Adjudication as a Curative, Revenue-Protecting Device

The courts have consistently treated stamp law, and adjudication within it, as a fiscal mechanism to secure revenue, not a trap to destroy rights. In Hindustan Steel Ltd. v. Dilip Construction Co., (1969) 1 SCC 597 : AIR 1969 SC 1238, the Supreme Court held that the Stamp Act "is a fiscal measure enacted to secure revenue for the State... it is not enacted to arm a litigant with a weapon of technicality." An instrument not duly stamped may, once duty and penalty are paid, be admitted and acted upon; the defect is curable. Adjudication and the section 32 certificate are precisely the curative pathway the Court had in mind, a way to perfect an instrument's stamping so that the substantive transaction survives. The Constitution Bench in In Re Interplay Between Arbitration Agreements under the Arbitration and Conciliation Act, 1996 and the Indian Stamp Act, 1899, 2023 INSC 1066, reaffirmed that non-stamping or insufficient stamping is a curable defect rendering an instrument inadmissible but not void. Adjudication is the very cure the modern jurisprudence contemplates: it removes the inadmissibility without disturbing validity.
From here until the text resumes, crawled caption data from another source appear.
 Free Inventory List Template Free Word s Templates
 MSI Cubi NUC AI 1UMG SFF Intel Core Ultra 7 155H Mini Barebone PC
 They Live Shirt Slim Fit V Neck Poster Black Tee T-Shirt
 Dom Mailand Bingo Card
Market-Value Determination and Constitutional Validity

The Collector's power to re-value property during adjudication and to compel payment of deficit duty has withstood constitutional challenge. In Government of Andhra Pradesh v. P. Laxmi Devi, (2008) 4 SCC 720 : AIR 2008 SC 1640, the Supreme Court upheld a State amendment requiring deposit of deficit duty as a condition for a reference on market value, holding that stamp legislation is an economic measure designed to plug loopholes and secure speedy realisation of duty, and such measures attract a strong presumption of constitutionality. The Court was careful to add that the power must be exercised so as to protect the exchequer without destroying valuable rights, and that the Collector's valuation is subject to inquiry and a hearing. Read into the Rajasthan scheme, Laxmi Devi confirms that the adjudicating Collector's market-value determination under section 31 is a legitimate revenue safeguard, provided the party is heard, and that a deposit or payment condition for invoking valuation machinery is not by itself unconstitutional.
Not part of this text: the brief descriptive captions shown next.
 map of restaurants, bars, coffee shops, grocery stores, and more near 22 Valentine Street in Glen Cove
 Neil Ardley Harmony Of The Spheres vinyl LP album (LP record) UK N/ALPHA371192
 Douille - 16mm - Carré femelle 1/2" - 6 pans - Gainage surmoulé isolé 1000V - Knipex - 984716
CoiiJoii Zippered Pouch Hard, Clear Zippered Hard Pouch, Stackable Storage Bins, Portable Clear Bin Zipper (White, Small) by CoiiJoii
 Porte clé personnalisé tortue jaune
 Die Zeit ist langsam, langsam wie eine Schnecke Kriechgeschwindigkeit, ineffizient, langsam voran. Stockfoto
What Adjudication Does Not Police: the Age of the Stamp Paper

A common misconception is that an instrument written on old stamp paper is improperly stamped and will fail adjudication. Thiruvengada Pillai v. Navaneethammal, (2008) 4 SCC 530, settles otherwise. The Supreme Court held that the Stamp Act "nowhere prescribes any expiry date for use of a stamp paper"; the six-month period in the refund provision governs only the refund of unused stamp paper, not its use. Consequently the vintage of the stamped paper is irrelevant to whether an instrument is duly stamped, though the age of the paper may, as a matter of evidence, bear on the genuineness of a document said to have been executed years earlier. For the adjudicating Collector this means the inquiry under section 31 is confined to whether the proper amount of duty is borne and the mode of stamping complies with law, not to when the paper was bought. Adjudication tests sufficiency and mode, not the calendar age of the stamp.
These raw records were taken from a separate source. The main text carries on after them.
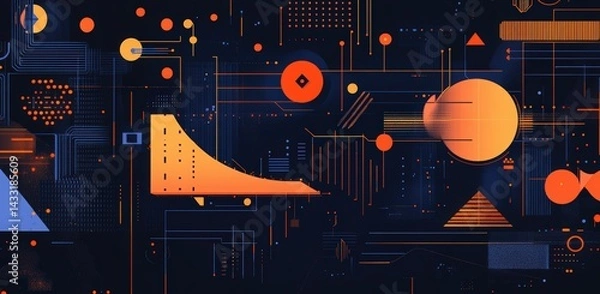 Obraz world telecommunication and information society day. geometric tech banner with circuit, technology, and future elements on a dark background. Technology future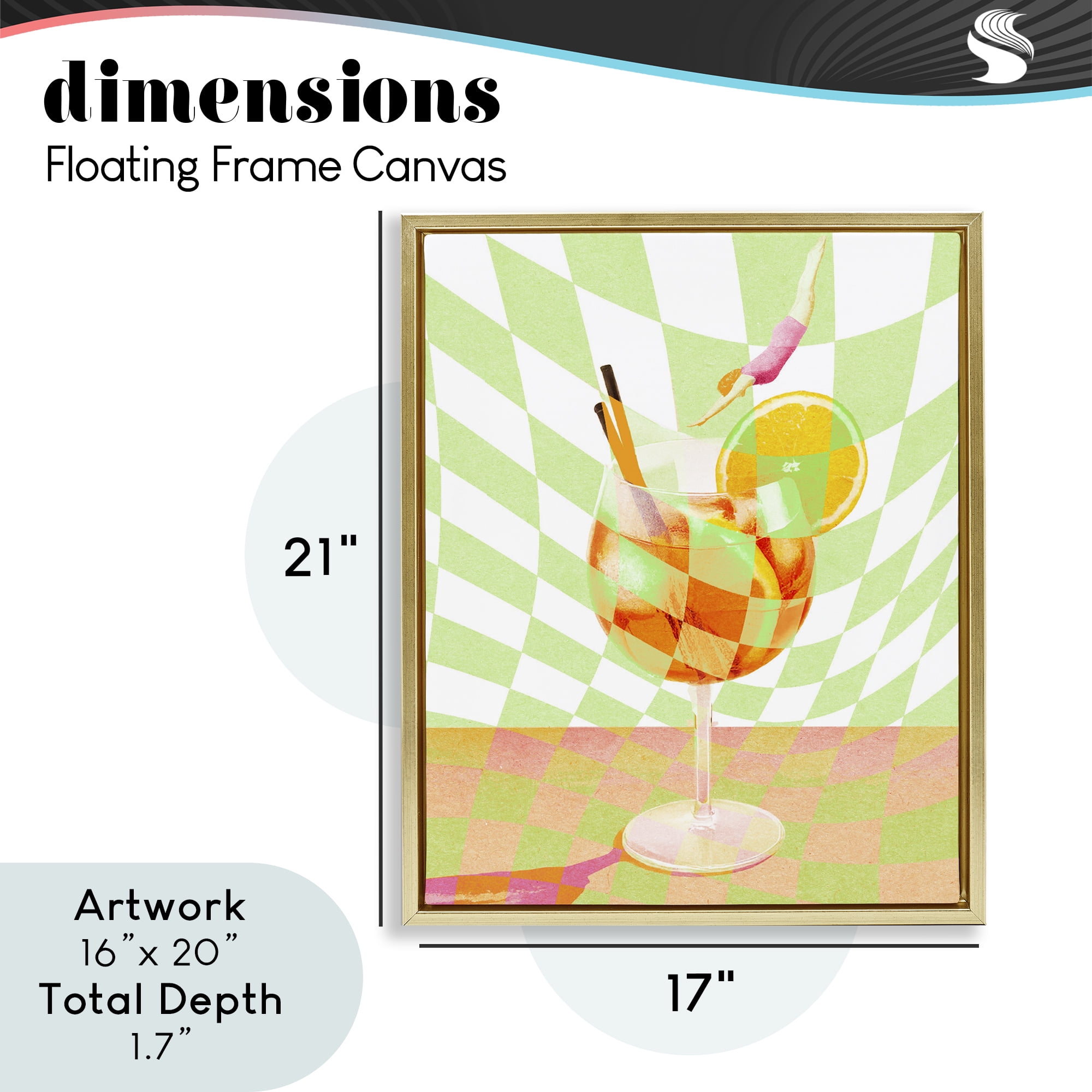 Retro Swimmer Summer Cocktail Gold Framed Floater Canvas Wall Art, design by Lil' Rue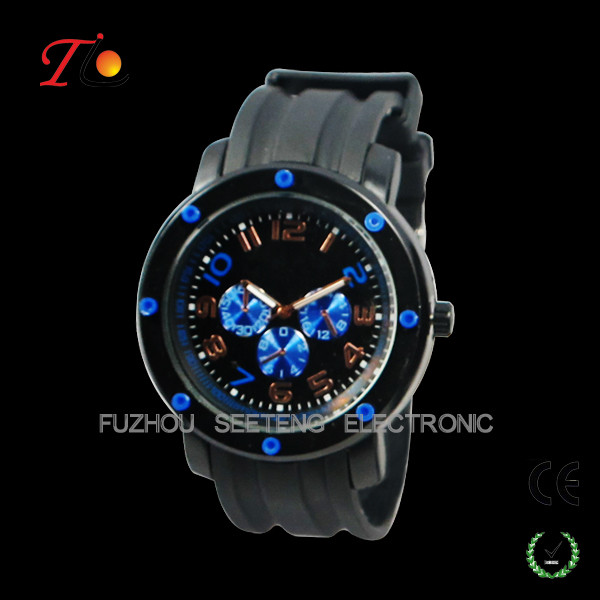 Better quality cool big face and color customized dial silicone watches men for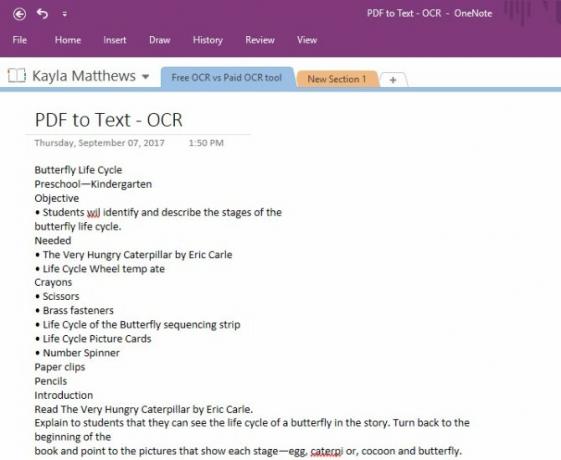 recunoașterea optică a caracterelor onenote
Practical Takeaways for the Aspirant and Practitioner

Three threads tie the chapter together. First, adjudication under section 31 is a voluntary, pre-emptive remedy: bring the instrument, pay the fee, obtain the Collector's binding opinion on duty, and, after paying any deficit, secure a section 32 certificate that deems the instrument duly stamped and conclusive for recovery. Second, timing is decisive, the section 32 proviso fixes execution-date rates only if the instrument is brought within one month (executed in the State) or three months (received from outside), failing which current rates and market values apply. Third, jurisdiction is compartmentalised: under Raja Mohammad Amir Ahmad Khan the Collector adjudicating under section 31 may only opine on duty, while impounding belongs to section 33 when an under-stamped instrument is produced before an authority in the discharge of its functions. Across all of this, Hindustan Steel, Laxmi Devi and In Re Interplay confirm the animating principle: stamp duty is a revenue measure and its defects are curable, so adjudication exists to perfect instruments, not to forfeit them. For the wider scheme, read this chapter alongside the overall stamping framework.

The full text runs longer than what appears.